Why hardware-agnostic isn't the same as lowest-common-denominator | SCALE - A better CUDA toolchain. Faster, on any GPU.

Part 4 of a series on 'why Spectral exists', ~10 minute read.

Part 3 argued that the CUDA programming model is more general than the hardware it grew up on, and that the gap between the hardware it can target and the hardware it was designed for is the work. That argument has a cost attached to it, and a careful reader will already be reaching for the bill.

The objection goes like this. The moment you commit to running across hardware from more than one vendor, you have committed to expressing your program in terms of what those vendors have in common. Anything one architecture can do that the others can't is off the table, because the abstraction has to hold for all of them. So a cross-vendor system is a lowest-common-denominator system by construction, and lowest-common-denominator means slow. You can have portability or you can have peak performance. SCALE has chosen portability, and the performance tax is the price.

This is the most serious thing a technical investor or a competitor will say about what we do, and they are right about a whole category of systems.

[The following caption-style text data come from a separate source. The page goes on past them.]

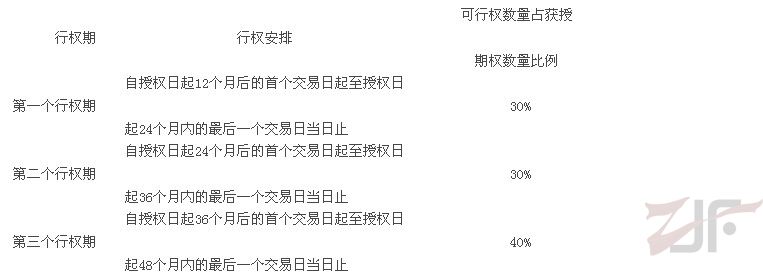 罗莱家纺发布股票期权激励计划（草案）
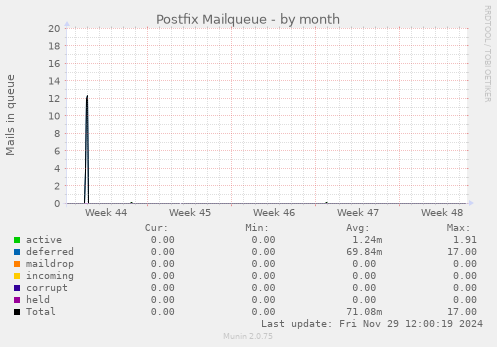 Postfix Mailqueue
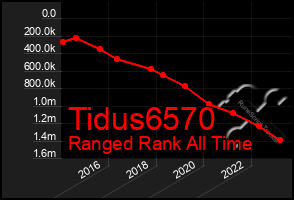 Total Graph of Tidus6570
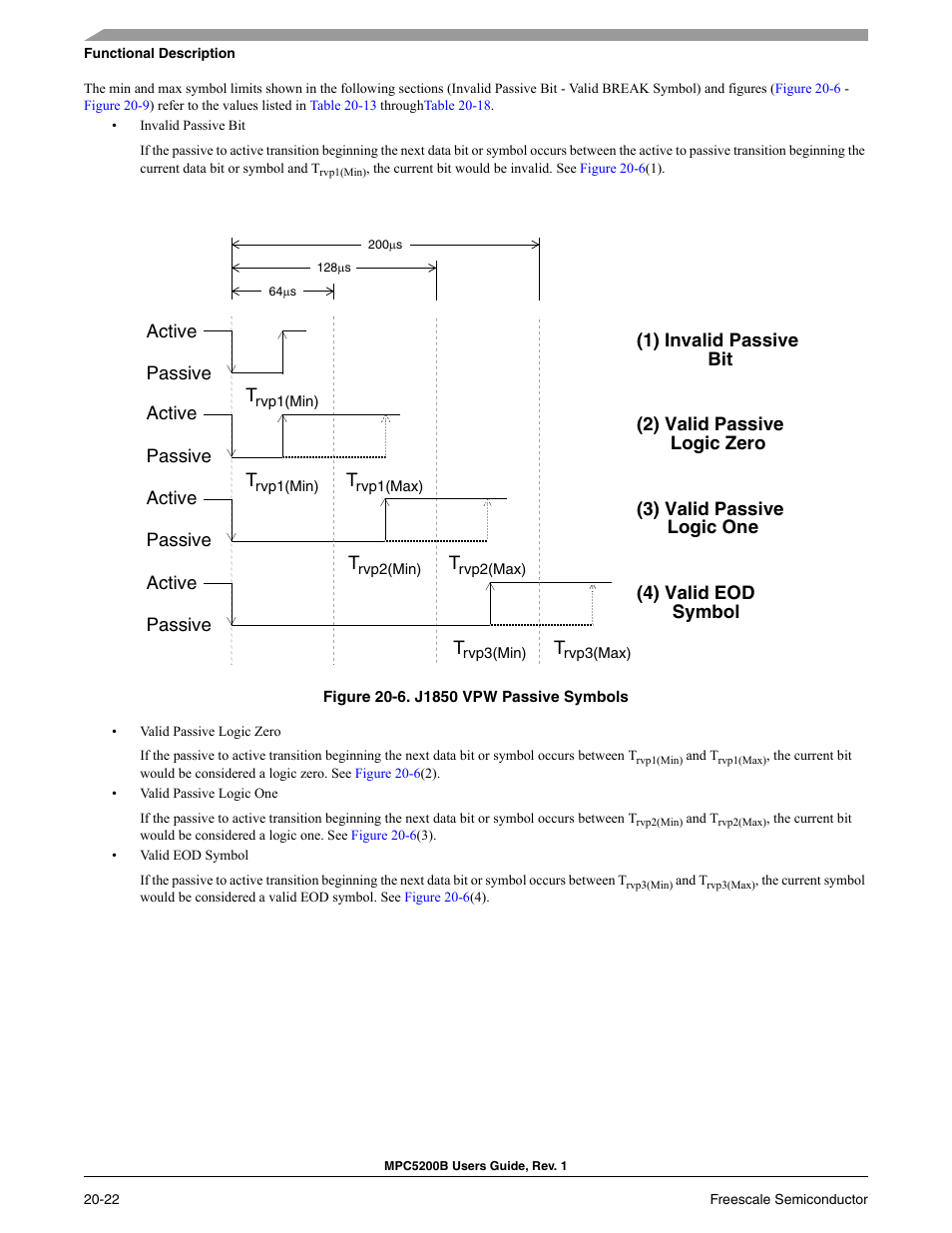 J1850 vpw passive symbols -22 | Freescale Semiconductor MPC5200B User Manual | Page 701 / 762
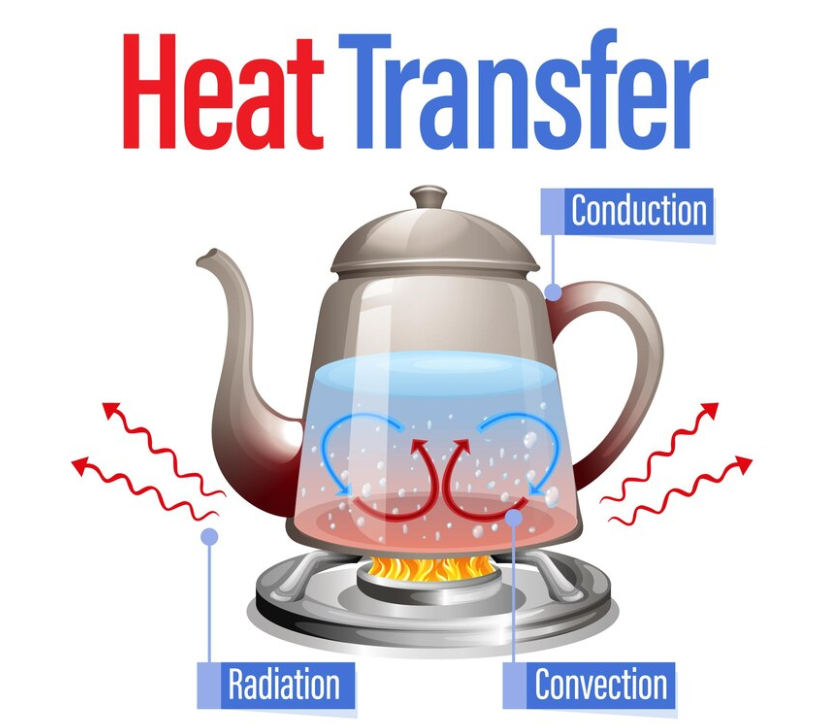 6.3 Heat Transfer and Thermal Equilibrium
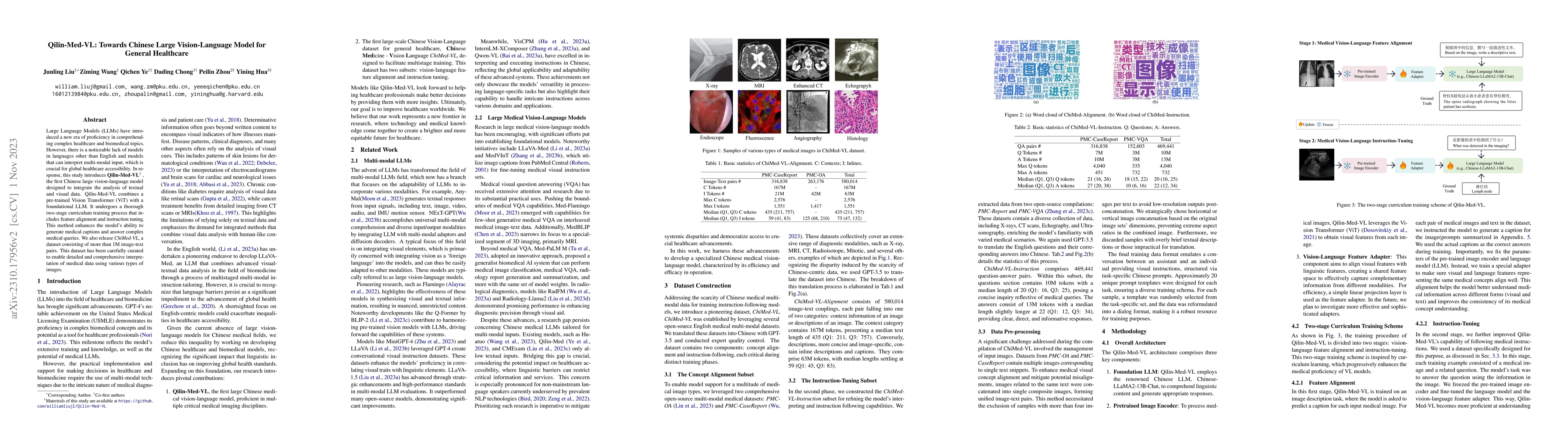 Thumbnail for Qilin-Med-VL: Towards Chinese Large Vision-Language Model for General
  Healthcare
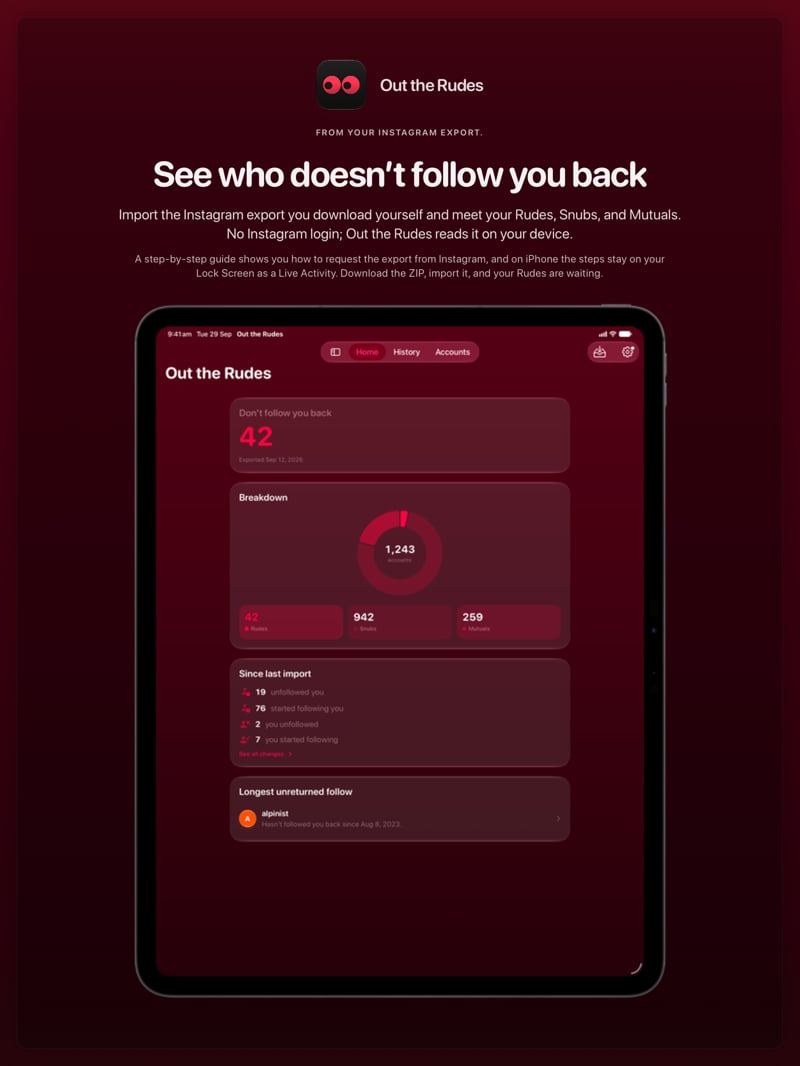The Out the Rudes share image, showing the app on iPad Pro 13-inch with its icon, name and headline for the Saltmarsh account, in the Pink tint, dark appearance.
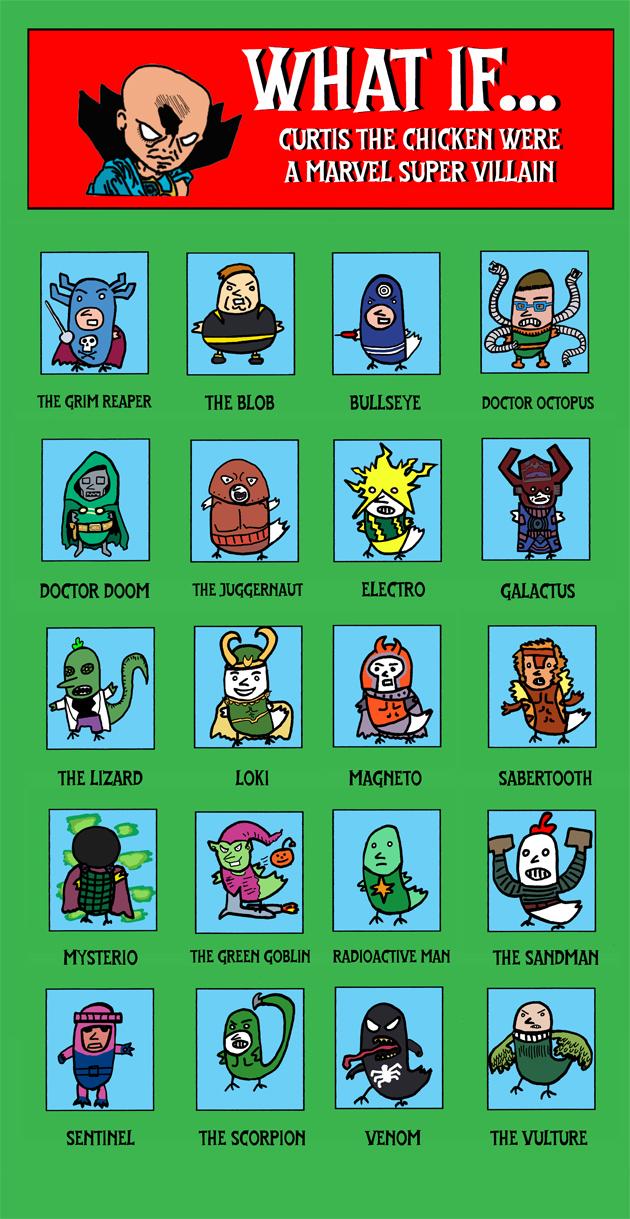 What If....Curtis the Chicken were a Marvel Super Villain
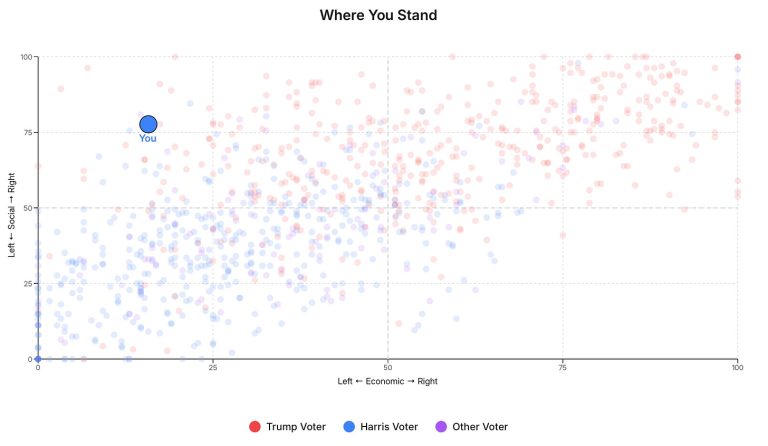 TLP Weekend Edition (November 15-16, 2025)
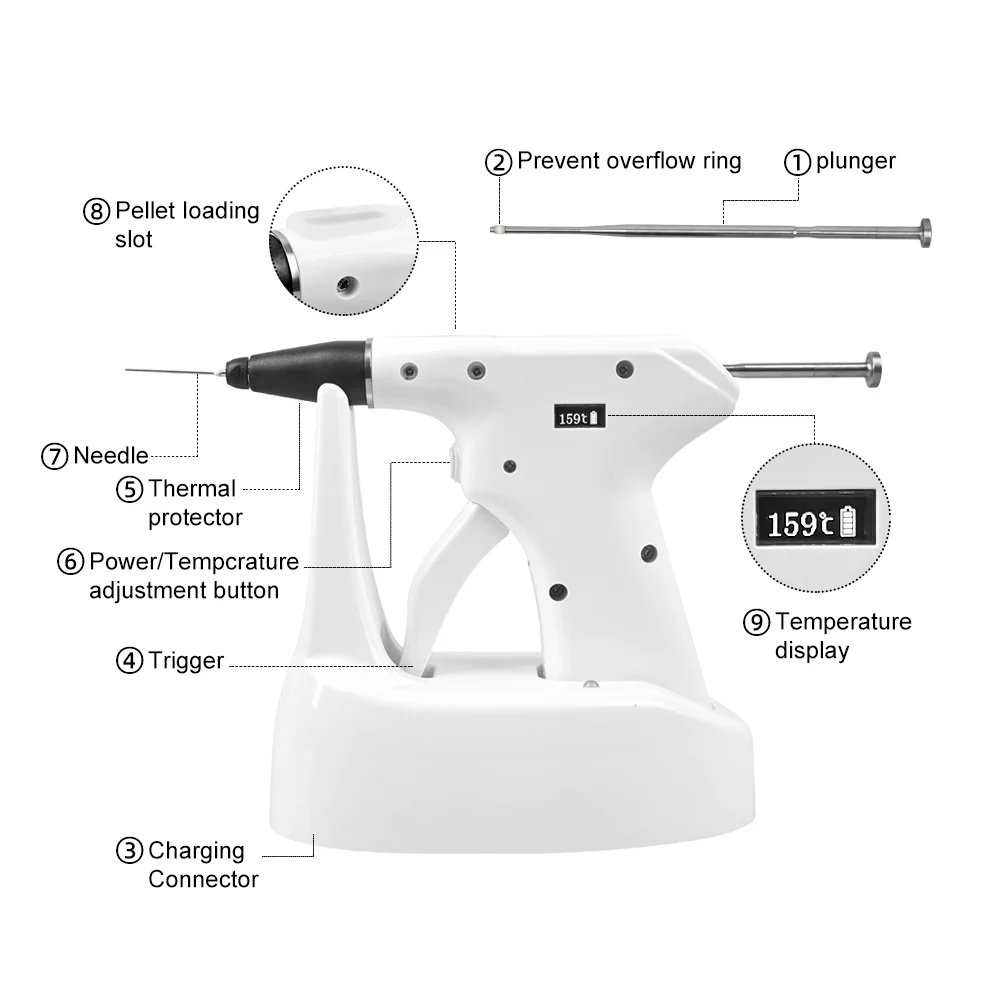 Рисунок 2 - Стоматологическая эндодонтия Тепловые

They are wrong about ours, and the reason they're wrong is the entire engineering bet. This post is about the difference.

Two things called portable

The word "portable" covers two mechanisms that have almost nothing in common, and the objection is true of one of them.

The first is portability by abstraction. You define a layer that sits above the hardware, you target the layer, and at runtime something maps the layer onto whatever machine you happen to be on. An interpreter does this. A runtime shim does this. A naive source-to-source translator does this. The layer can only express what every target supports, because it has no knowledge of the specific machine at the point where the program is written — that knowledge arrives too late to change the code. This is genuinely lowest-common-denominator, and it genuinely costs performance. The objection describes it perfectly.

The second is portability by compilation. You transform the program into a representation that preserves its structure, and then you generate native code for each target separately, with full knowledge of that target, ahead of time. The representation is shared; the code that comes out the other end is not. Nothing about the program is pinned to the intersection of what the targets have in common, because the decisions that matter are made per target, after the target is known.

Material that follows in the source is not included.